Once the line containing "Behaviour Orientation and" is reached, copy it and every line after it exactly, to the end of the material, without pictures.

Collected material -
____

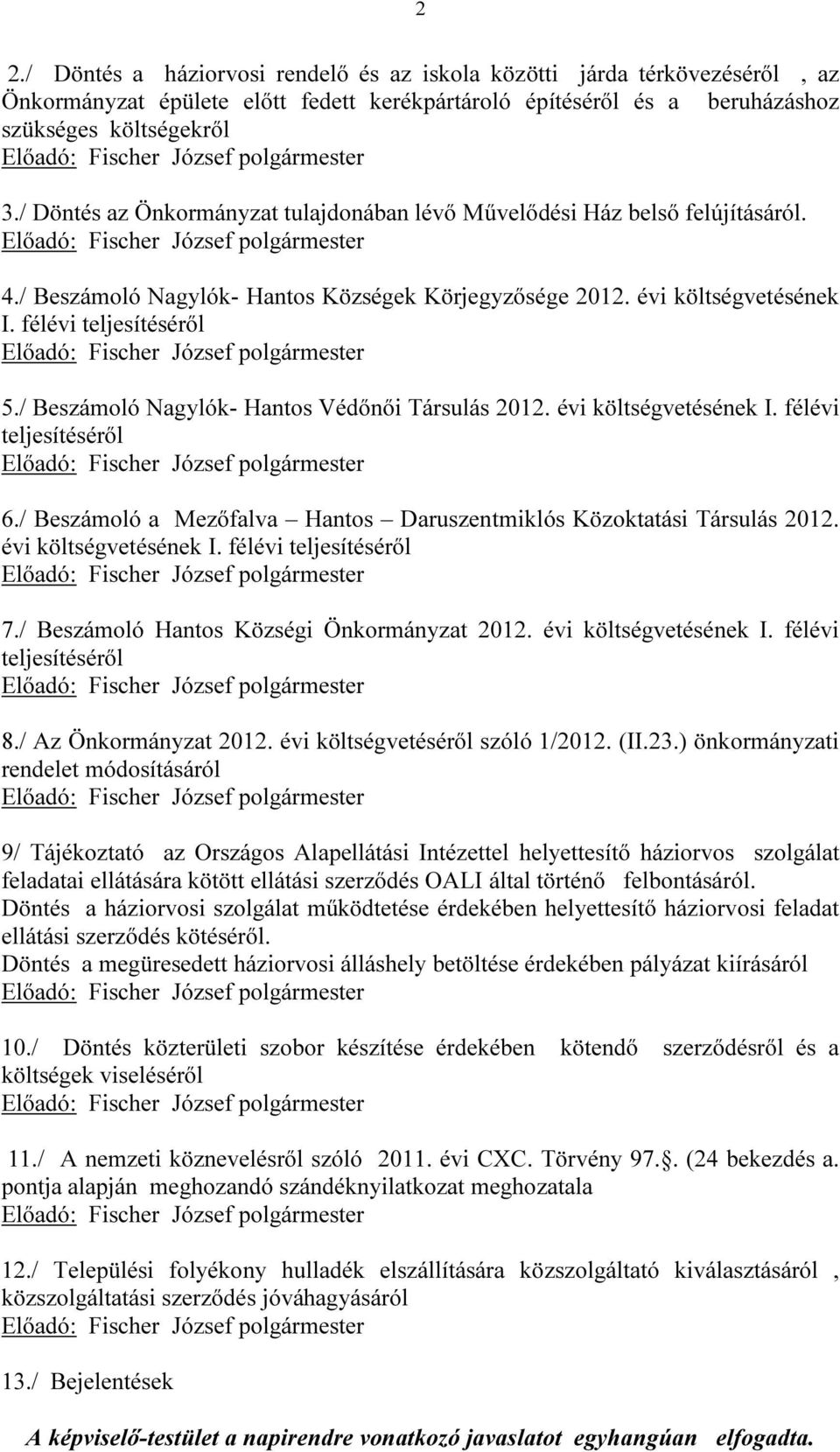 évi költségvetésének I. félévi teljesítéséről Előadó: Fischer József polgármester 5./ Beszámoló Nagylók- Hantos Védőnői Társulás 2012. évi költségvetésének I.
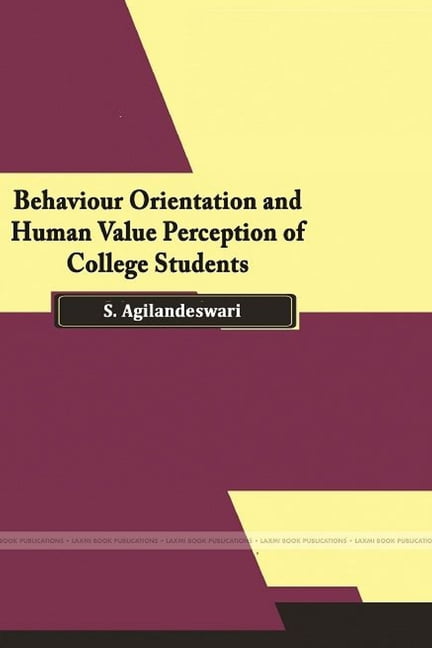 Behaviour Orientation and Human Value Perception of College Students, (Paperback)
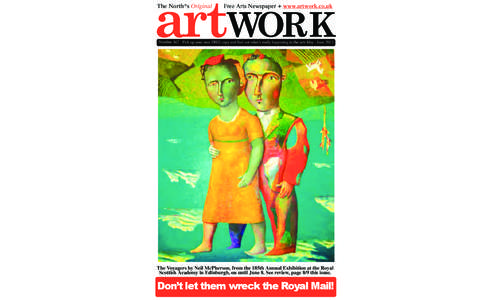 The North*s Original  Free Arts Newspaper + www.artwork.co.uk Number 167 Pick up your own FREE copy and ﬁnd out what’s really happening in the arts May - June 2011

____

Written solution -
 Behaviour Orientation and Human Value Perception of College Students, (Paperback)
 The North*s Original  Free Arts Newspaper + www.artwork.co.uk Number 167 Pick up your own FREE copy and ﬁnd out what’s really happening in the arts May - June 2011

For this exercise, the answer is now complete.